Intracellular staining for IFN-γ in stimulated BAL T cells. Representative experiments are shown for the flow cytometric analysis of BAL cells from a patient with sarcoidosis (a) or CBD (b) stimulated with either medium alone, SEB, or BeSO4 and subsequently stained for surface CD4 and intracellular IFN-γ expression. The number in the upper right quadrant of each density plot indicates the percentage of CD4+ T cells expressing IFN-γ. (c) Representative flow cytometric staining of BAL cells from two CBD patients shows concordance of expression of the activation marker CD69 with IFN-γ after stimulation with BeSO4.
Representative examples of intracellular cytokine staining of BAL cells from a CBD patient (patient 4) are shown in Figure 2b. Minimal IFN-γ production was seen with medium alone, whereas SEB stimulation induced IFN-γ expression in 55% of the CD4+ cells and 46% of the CD8+ cells. Remarkably, 16% of this patient’s CD4+ T cells were beryllium-specific, as determined by BeSO4-induced IFN-γ expression. In contrast to SEB stimulation, few if any CD8+ T cells stained positively for IFN-γ after BeSO4 stimulation. In all of the CBD patients studied, the CD4+ T cells expressing IFN-γ also coexpressed the activation marker CD69 (Figure 2c).
BAL CD4+ T cells from CBD patients demonstrated a striking frequency of beryllium-responsive CD4+ T cells and polarized Th1-type cytokine profile (Figure 3a). For example, studies of cells from patient 1 showed that 23%, 14%, and 28% of BAL CD4+ T cells expressed IFN-γ, IL-2, and TNF-α, respectively, after exposure to beryllium. A similarly high frequency of beryllium-specific BAL CD4+ T cells expressing IFN-γ, IL-2, and TNF-α was present in patients 2 and 3 (Figure 3a). In contrast, IL-4 expression after beryllium stimulation was no greater than background in any of the CBD patients studied (shown for patients 1 and 2 in Figure 3a). Control experiments using PBMCs from normal subjects stimulated with PMA and ionomycin documented IL-4–producing cells and our ability to detect this cytokine if produced (data not shown). Figure 3a also shows that few, if any, CD8+ BAL T cells produce cytokines in response to BeSO4 stimulation.

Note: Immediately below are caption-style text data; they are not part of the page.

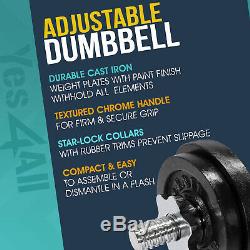 Yes4All 200 lb Adjustables Dumbbell Set Cast Iron Dumbbell Weight Plates Workout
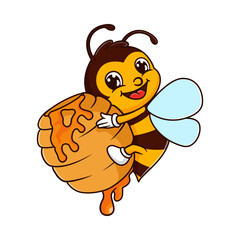 Vector cartoon of a cute bee hugging a hive full of honey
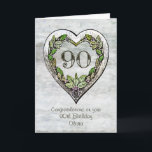 Nombre personalizado Tarjeta Rustic 90th Birthday<br><div class="desc">Un nombre a medida,  tarjeta de 90 cumpleaños del corazón botánico rústico.</div>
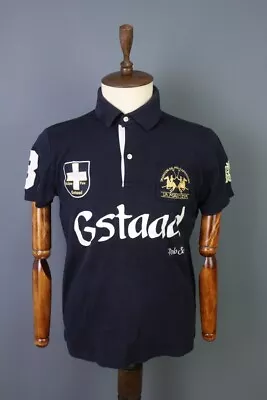 La Martina Black Gstaad Polo Short Sleeve Polo Shirt Size M • $60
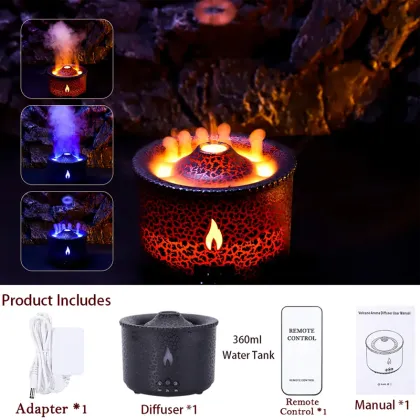 Black Volcano Humidifier Aromatherapy Diffuser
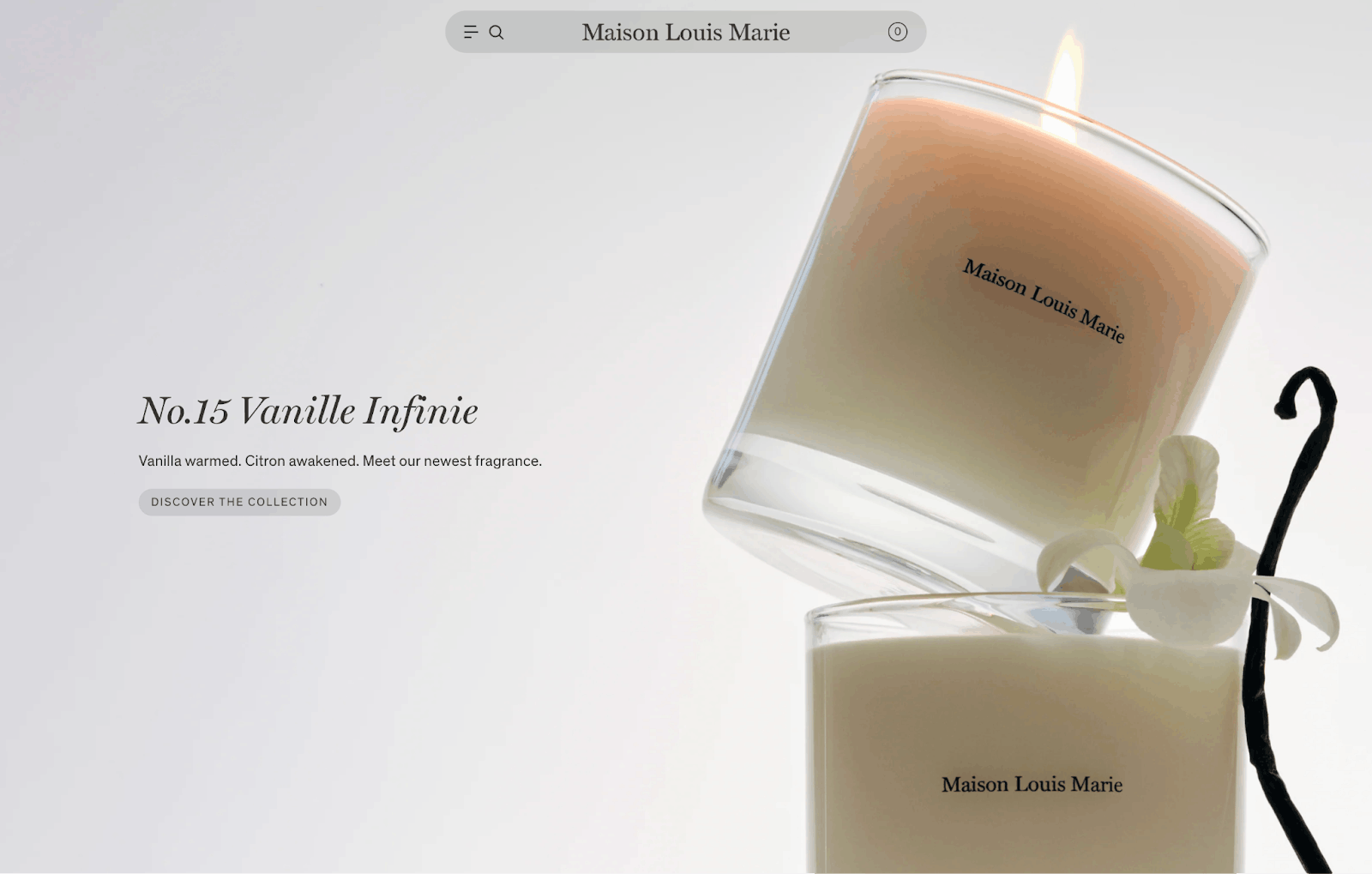 Maison Louie Marie homepage with two white candles.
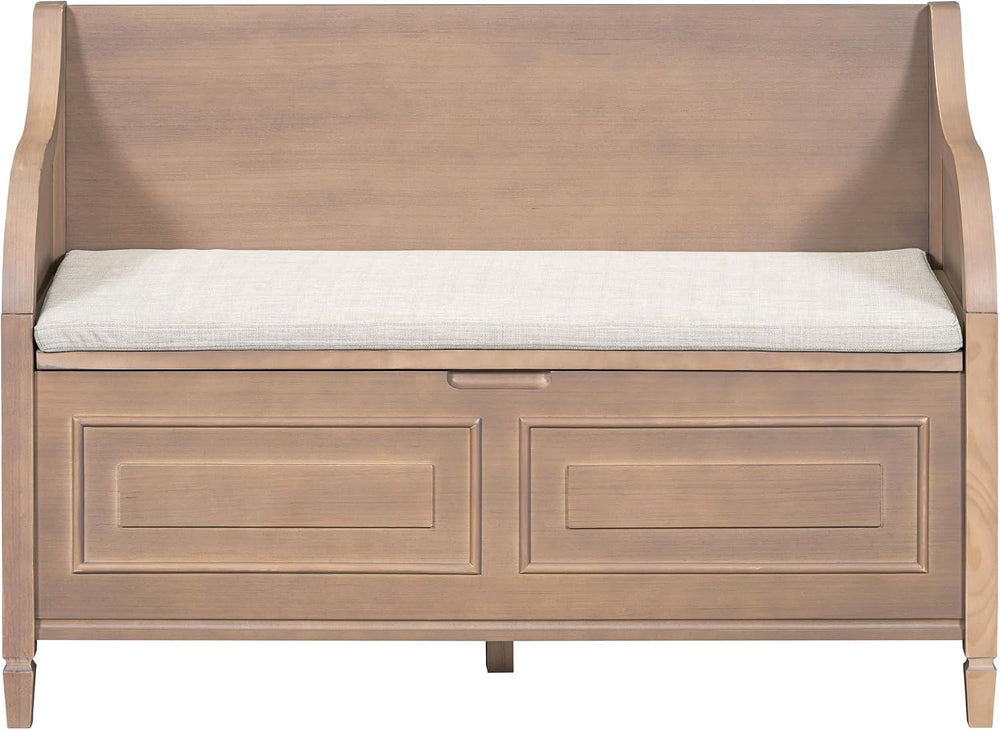 SOFTSEA 41.9" Storage Bench with Back, Entryway Shoe Bench with Cushion ...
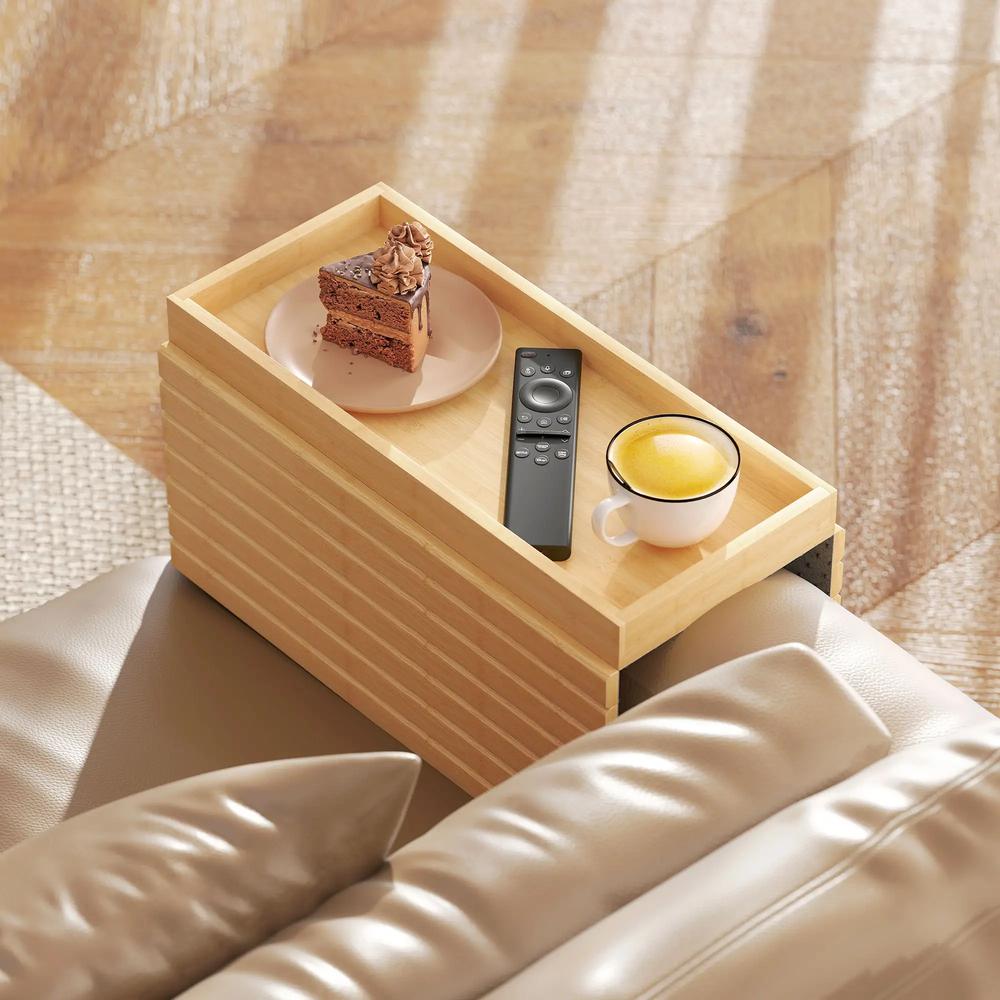 HOMCOM Bamboo Sofa Arm Tray, Foldable Anti-Slip Armrest Tray for Drinks and Snacks, Natural Wood Finish Additional View 2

Intracellular expression of IFN-γ, IL-2, TNF-α, and IL-4 after stimulation of BAL CD4+ T cells with BeSO4. (a) Staining patterns are shown for BAL cells from CBD patients 1, 2, and 3 after short-term culture with BeSO4. The percentage of CD4+ T cells expressing the various Th1 and Th2 cytokines is shown in the upper right quadrant of each density plot. The expression of IL-4 after BeSO4 exposure was not determined for CBD patient 3. (b) Flow cytometric analyses of TNF-α versus IFN-γ and IL-2 versus IFN-γ are shown for CD4+ T cells from CBD patient 2 following exposure to BeSO4. The percentage of CD4+ T cells expressing both cytokines is shown in the upper right quadrant of the density plot.
Most beryllium-specific CD4+ T cells are capable of secreting both TNF-α and IFN-γ (Figure 3b). In contrast, a much smaller subset of IFN-γ–producing cells also produce IL-2. In the example shown, approximately 40% of the IFN-γ–producing cells were unable to express IL-2.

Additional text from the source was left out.